HMS Atherstone and HMS Shoreham have arrived to replace the outgoing HMS Middleton and HMS Pembroke, whilst the crews of HMS Quorn and HMS Ramsey have traded places with their counterparts in the UK.
After a six-week journey from the UK, the duo have reached the waters which will be their home for the next two to four years.
Britain maintains a constant minehunter presence in Bahrain - four warships, plus a Royal Fleet Auxiliary support ship.
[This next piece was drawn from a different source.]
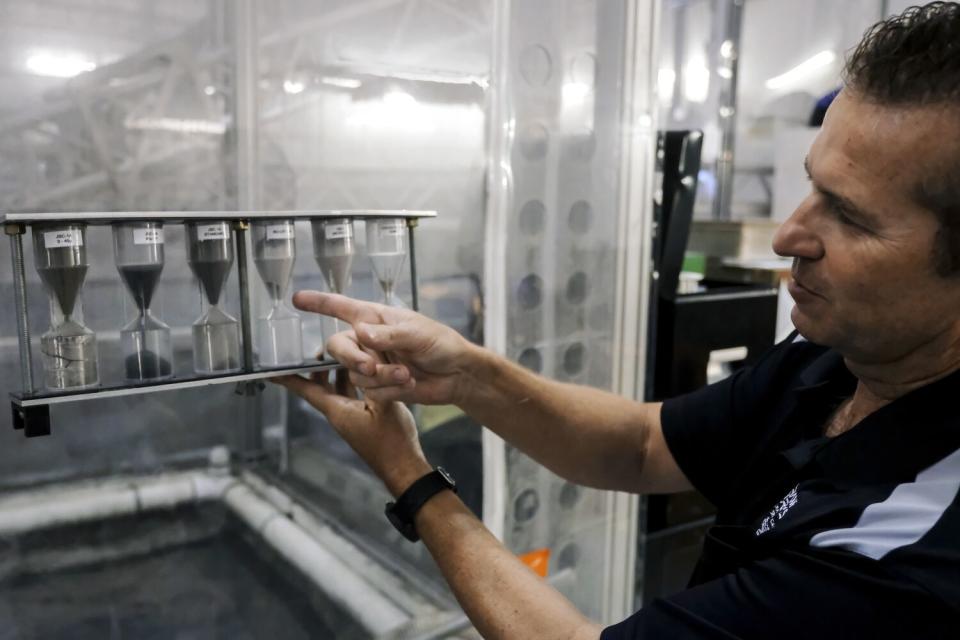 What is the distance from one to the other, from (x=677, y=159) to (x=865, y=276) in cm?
73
Crews are changed every six or seven months, while the ships themselves typically spend three years in the region.
Homeward bound are HMS Pembroke and HMS Middleton, now Atherstone and Shoreham have taken their place.
The passage for the outbound ships - all the while monitoring passing shipping as part of the Royal Navy’s commitment to global maritime security - was relatively calm.
But upon entering the Gulf of Oman, the pair ran into the full force of the south-west monsoon - winds of 40 knots (74km/h) and a five-metre sea swell, conditions known with usual Royal Navy understatement as ‘lumpy’.
In the calmer waters of the United Arab Emirates, the incomers met the outgoers to formally handover duties in the region before Atherstone and Shoreham joined up with Type 45 destroyer HMS Diamond to enter the southern Gulf together.
Once there, the minehunters parted company, with Shoreham making for the Gulf’s most well-known metropolis, Dubai, and Atherstone sailing for Bahrain.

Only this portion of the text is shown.